Bonjour, je reviens d'un colloque sur l'Europe organisé par l'Université de Fribourg (Suisse). Le Professeur Clavien a présenté des éléments nouveaux et historiographiquement très intéressants sur
Denis de Rougemont comme quelqu'un qui a su se profiler. D'autre part, certains de ses biographes étaient de ses proches et manquaient de sens critique. On oublie ainsi qu'il a vécu en Allemagne
entre 35 et 36, qu'il a écrit de sa main à Hitler et qu'il voyait certains bons éléments dans l'expérience nazie. Il n'a en tout cas pas lutter contre le nazisme, il a passé la guerre à publier aux
USA. Il était antiparlementariste ce qui contredit l'idée du fédéralisme. Selon le prof Clavien, il aurait su naviguer sur la vague proeuropéenne en 46 à son retour des USA et en décalage avec le
monde littéraire afin de pouvoir se reprofiler sur la scène alors qu'il était isolé et que Paris ne voulait plus de lui. C'est dans l'optique de tisser des contacts qu'il aurait, après hésitations,
décidé de se rapproché de l'idée fédéraliste pour en devenir son défenseur. Avant 46, il ne se serait pas intéressé à ces thèmes mais à très bien su réécrire sa vie en en faisant des constantes qui
en réalité n'auraient été que des manoeuvres opportunistes...

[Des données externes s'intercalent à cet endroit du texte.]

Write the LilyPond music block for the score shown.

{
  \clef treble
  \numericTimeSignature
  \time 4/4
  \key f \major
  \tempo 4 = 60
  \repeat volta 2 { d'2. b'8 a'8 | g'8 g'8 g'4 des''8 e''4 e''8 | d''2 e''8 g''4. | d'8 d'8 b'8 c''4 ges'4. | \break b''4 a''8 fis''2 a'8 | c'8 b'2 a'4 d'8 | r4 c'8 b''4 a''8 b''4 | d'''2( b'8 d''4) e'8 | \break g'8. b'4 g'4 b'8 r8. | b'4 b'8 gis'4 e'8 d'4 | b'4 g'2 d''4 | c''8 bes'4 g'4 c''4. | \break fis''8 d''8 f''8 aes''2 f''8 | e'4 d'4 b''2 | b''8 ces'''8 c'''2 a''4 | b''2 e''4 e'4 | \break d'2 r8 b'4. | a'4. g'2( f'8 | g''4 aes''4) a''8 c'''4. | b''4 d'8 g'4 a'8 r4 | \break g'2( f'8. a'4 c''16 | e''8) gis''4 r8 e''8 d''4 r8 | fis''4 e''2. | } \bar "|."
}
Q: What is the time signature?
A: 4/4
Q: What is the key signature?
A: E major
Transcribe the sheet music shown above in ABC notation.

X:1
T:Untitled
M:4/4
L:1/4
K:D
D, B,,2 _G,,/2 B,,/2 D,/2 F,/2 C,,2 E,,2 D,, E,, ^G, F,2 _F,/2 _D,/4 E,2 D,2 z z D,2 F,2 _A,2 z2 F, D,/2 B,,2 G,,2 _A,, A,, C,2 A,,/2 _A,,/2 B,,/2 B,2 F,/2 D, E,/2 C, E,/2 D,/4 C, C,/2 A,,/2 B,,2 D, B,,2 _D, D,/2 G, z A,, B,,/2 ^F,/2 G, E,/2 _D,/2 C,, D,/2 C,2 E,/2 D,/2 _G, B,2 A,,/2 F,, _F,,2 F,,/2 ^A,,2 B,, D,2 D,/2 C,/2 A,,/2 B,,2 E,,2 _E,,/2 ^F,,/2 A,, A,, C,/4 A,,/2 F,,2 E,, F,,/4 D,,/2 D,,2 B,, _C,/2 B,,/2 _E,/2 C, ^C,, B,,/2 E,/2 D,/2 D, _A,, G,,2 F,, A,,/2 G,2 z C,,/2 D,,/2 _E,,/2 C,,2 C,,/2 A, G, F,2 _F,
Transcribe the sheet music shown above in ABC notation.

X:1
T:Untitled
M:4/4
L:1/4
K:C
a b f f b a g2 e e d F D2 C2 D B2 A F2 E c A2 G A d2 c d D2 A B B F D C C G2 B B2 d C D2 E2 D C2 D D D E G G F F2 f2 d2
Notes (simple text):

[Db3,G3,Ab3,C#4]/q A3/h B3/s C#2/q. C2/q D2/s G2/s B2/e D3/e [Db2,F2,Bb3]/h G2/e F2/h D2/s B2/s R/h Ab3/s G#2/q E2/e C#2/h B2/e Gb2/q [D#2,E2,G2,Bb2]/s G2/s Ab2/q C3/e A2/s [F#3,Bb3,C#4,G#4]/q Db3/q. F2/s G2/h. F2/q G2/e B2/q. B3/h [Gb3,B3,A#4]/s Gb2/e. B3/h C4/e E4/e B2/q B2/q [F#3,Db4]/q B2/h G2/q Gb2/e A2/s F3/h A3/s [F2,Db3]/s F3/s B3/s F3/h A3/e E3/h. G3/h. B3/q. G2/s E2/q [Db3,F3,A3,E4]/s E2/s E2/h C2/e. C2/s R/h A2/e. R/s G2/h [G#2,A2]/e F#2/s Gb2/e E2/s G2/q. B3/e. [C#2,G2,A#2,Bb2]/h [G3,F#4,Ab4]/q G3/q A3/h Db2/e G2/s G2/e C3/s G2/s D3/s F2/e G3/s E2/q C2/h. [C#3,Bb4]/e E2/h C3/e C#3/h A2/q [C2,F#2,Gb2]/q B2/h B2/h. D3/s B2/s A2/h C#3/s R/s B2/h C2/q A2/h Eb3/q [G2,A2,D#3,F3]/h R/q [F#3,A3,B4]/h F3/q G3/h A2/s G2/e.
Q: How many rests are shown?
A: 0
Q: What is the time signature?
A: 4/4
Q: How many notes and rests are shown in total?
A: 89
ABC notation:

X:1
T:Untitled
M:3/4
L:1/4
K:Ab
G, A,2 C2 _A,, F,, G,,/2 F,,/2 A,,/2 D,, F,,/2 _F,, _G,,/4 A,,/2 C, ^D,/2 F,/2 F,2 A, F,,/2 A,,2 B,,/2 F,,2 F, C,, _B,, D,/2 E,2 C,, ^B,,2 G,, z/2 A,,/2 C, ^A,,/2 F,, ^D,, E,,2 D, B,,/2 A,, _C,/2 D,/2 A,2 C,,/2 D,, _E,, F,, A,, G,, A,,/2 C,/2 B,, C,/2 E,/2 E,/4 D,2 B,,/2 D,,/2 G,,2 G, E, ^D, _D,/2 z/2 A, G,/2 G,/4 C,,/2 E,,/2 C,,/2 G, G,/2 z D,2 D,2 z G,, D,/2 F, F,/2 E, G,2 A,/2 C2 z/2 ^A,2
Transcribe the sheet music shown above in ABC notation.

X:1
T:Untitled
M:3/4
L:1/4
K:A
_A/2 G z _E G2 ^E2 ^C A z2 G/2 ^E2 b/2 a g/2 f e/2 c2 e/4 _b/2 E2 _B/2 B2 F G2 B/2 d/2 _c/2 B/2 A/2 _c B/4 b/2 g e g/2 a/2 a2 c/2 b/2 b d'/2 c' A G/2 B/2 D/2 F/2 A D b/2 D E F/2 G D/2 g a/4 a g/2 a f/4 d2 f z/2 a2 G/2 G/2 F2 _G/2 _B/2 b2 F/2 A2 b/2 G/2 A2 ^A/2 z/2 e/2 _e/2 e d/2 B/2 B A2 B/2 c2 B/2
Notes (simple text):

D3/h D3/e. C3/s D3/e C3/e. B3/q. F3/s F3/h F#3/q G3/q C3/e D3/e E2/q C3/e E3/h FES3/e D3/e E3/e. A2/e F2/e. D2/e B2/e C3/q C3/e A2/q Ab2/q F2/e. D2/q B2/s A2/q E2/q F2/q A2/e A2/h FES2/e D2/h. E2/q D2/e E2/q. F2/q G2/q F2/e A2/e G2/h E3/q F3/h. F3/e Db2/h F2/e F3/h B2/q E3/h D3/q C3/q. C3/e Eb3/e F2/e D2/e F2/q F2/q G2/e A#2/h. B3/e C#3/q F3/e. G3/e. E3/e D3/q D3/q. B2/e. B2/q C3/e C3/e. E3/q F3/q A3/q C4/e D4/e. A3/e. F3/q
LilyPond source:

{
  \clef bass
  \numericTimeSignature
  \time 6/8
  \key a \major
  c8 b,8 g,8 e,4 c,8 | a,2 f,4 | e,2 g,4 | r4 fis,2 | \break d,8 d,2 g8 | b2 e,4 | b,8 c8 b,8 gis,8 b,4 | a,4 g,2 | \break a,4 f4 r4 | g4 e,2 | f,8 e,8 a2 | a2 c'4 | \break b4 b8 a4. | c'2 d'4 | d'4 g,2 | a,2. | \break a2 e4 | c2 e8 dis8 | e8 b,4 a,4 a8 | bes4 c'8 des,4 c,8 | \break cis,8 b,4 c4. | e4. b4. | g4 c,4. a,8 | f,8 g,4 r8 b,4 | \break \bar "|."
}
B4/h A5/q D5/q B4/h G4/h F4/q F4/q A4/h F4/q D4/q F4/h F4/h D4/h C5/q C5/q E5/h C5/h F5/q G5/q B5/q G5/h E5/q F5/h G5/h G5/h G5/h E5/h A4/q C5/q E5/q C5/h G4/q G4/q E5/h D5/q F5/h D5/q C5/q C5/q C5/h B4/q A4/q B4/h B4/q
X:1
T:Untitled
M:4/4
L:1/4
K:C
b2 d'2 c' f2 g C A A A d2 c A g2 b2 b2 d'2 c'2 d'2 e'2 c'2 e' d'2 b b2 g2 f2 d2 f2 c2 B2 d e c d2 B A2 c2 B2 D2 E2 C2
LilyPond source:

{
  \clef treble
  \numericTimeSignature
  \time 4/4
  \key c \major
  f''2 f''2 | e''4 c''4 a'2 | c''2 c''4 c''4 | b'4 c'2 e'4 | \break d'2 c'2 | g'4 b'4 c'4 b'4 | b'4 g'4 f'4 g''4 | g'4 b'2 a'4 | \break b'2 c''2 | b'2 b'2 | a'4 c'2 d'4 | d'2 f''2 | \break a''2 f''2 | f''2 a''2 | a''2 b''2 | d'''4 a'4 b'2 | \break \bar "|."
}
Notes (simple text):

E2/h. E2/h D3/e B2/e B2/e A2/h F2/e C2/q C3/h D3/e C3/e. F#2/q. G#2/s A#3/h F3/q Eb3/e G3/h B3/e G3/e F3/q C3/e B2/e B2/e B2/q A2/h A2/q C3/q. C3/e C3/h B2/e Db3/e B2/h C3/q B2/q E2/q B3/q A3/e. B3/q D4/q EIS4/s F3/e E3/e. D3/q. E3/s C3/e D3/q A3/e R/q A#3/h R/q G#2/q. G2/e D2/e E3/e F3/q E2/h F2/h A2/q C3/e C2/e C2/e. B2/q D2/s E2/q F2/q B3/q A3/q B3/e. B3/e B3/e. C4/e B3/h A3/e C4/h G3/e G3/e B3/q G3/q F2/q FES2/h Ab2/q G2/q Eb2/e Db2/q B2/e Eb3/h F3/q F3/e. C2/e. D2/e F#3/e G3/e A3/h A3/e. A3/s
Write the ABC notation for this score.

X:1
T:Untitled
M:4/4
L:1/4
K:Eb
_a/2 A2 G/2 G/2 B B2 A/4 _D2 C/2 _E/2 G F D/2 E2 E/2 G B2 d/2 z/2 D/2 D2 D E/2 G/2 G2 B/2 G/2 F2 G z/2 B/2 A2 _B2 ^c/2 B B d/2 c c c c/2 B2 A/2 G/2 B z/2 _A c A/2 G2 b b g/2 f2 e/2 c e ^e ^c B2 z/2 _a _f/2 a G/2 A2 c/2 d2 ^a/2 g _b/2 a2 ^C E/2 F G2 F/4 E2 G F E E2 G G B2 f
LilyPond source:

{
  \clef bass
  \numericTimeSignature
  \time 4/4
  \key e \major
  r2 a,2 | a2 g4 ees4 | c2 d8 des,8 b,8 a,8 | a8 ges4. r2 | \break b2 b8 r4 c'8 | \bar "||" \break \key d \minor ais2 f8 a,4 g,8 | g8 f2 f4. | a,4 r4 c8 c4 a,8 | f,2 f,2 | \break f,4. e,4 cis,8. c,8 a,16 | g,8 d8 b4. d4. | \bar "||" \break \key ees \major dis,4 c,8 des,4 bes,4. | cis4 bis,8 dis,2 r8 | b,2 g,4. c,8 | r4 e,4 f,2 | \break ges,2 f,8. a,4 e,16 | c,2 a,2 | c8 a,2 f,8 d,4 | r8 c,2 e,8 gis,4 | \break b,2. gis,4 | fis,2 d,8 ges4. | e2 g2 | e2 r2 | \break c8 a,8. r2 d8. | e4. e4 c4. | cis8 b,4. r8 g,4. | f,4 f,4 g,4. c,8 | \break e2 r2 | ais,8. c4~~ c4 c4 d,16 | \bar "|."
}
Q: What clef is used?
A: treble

Guillaume 30/10/2006 14:43

Je suis entièrement d'accord ! Et cet article ne me fait que regretter un peu plus que Angela Merkel ait décidé de repousser la question de la Constitution Européenne aux calendes grecques (elle avait annoncé il y a un mois que cela serait la priorité de l'agenda de la Présidence allemande de l'Union européenne qui commence en janvier) !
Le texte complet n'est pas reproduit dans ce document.